In January 2014, Corus Entertainment, the owner of CFLG, purchased two Ottawa radio stations. The company decided to merge the Ottawa stations with CFLG and another Cornwall station that it owned under one regional manager. According to Pare, the regional manager told the announcers at a town-hall meeting in June that their jobs were safe. Corus denied this but indicated they may have gotten that impression.
On June 25, station management called Pare into a meeting and informed her that her employment was being terminated effective immediately. The letter of dismissal stated that her termination was “due to the restructuring of Corus Entertainment Inc. operations and the resulting elimination of your position.” She was offered four weeks’ pay if she signed a release giving up any claim against Corus, but she refused to sign. As a result, she was given three weeks’ pay, which Corus described as “the payments prescribed by statute.” Two weeks were for the notice required by the Canada Labour Code for employees with more than three months of continuous employment, plus one week’s pay for severance pay required by the code.
Four employees in total were fired in the Corus restructuring, with another CFLG announcer taking over Pare’s afternoon shift and an announcer from Corus’ other Cornwall station taking over that announcer’s slot. The latter announcer was also shuffled between Cornwall and Ottawa while an announcer was hired in Ottawa.

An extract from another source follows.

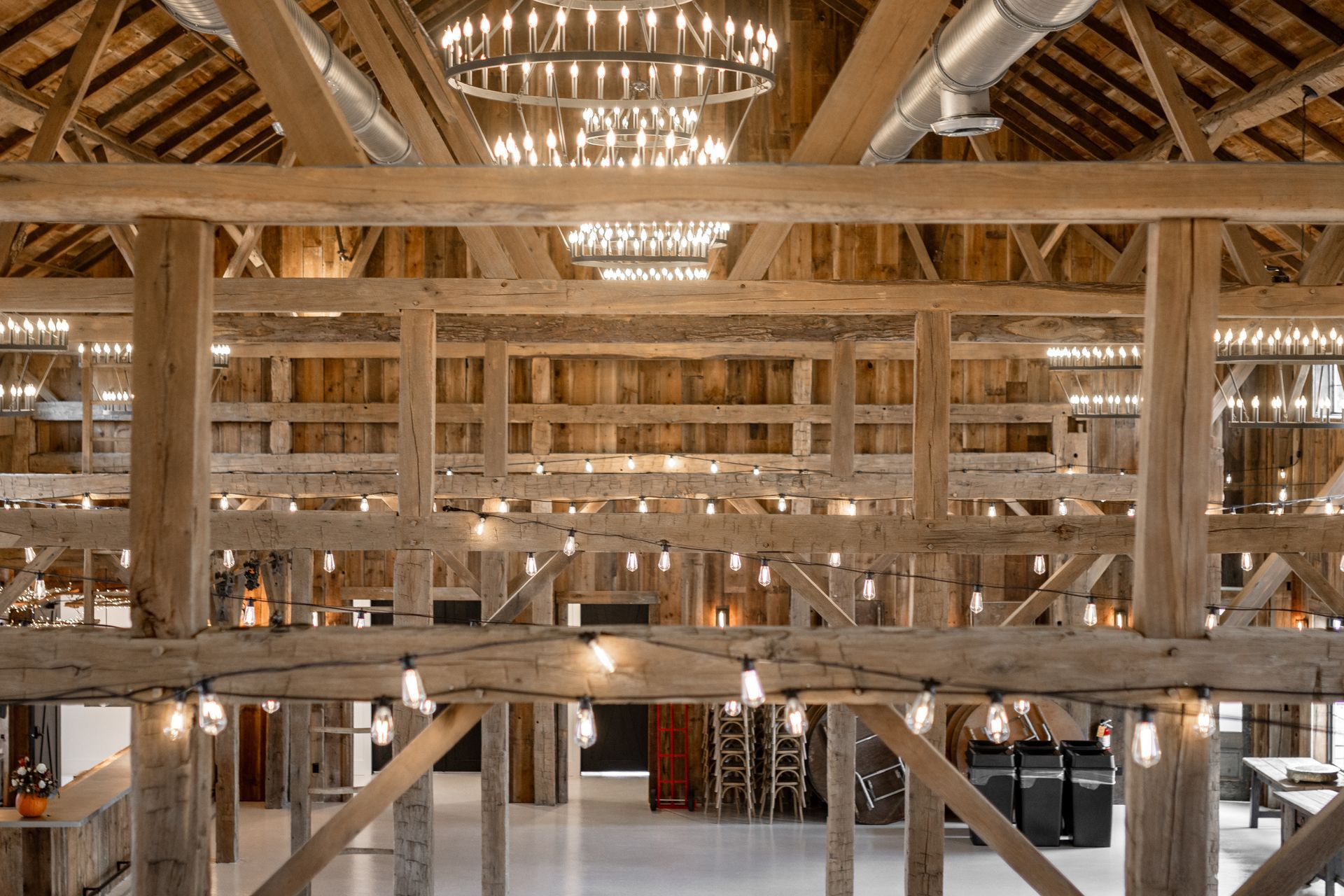 Interior of a large wooden barn with exposed beams and warm lighting, showing a spacious loft and open floor below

Pare filed a complaint of unjust dismissal, saying Corus could not claim a lack of work as a reason for dismissal without cause under the code, because her job continued to exist and they just filled it with someone else after her dismissal. She also said Corus hired two announcers in Ottawa and Cornwall shortly after she was fired.
Corus claimed that it had to dismiss one announcer in the restructuring to reduce costs at the Cornwall stations and increase their profitability, which was the company's right in running its business. They evaluated all of the announcers and found Pare to be the “weak link” in her performance. The company said she didn’t use social media enough and she repeated words too often on the air. Though Corus said she wasn’t fired for her job performance, it was a factor in deciding she was the announcer to be cut to reduce costs. The reduction in a position qualified as a lack of work under the Code, Corus argued.
You Make the Call
Did Corus dismiss Pare due to lack of work?
OR
Was pare unjustly dismissed?
If you said Pare was unjustly dismissed, you’re correct. The adjudicator found that Pare was not dismissed for lack of work, as this wasn’t an example of layoffs or downsizing caused by a significant negative change in the employer’s economic circumstances. Instead, there was a change in the Corus management structure but “no evidence of a restructuring or a lack of work affecting the announcers — as far as I could tell the announcer’s shifts and the work done by them stayed the same before and after Ms. Pare’s dismissal,” said the adjudicator.
The adjudicator found the only difference was that Pare wasn’t working anymore and another announcer was doing her shift. No other announcers were fired and there was no indication of a discontinuance of a function.
“It appears that management took the opportunity presented by the newsroom reorganization to dismiss an announcer who they considered to be a ‘weak link,’” said the adjudicator.
The adjudicator noted that the code allowed dismissals without cause for employees with more than 12 months of continuous employment only if a lack of work or discontinuance of a function is the reason, or the employee is a manager, or there is a provision in the employment contract allowing for it. The adjudicator already found there wasn’t a lack of work or a discontinuance of a function, Pare wasn’t a manager, and the employment contract didn’t have sufficient language to supplant the common law notice requirement.
Corus was ordered to pay Pare compensation and benefits for 13 weeks in addition to the three weeks she had already received. The adjudicator noted that the job market for radio announcers was limited, especially since Corus owned many of the stations and wouldn’t be willing to re-hire her.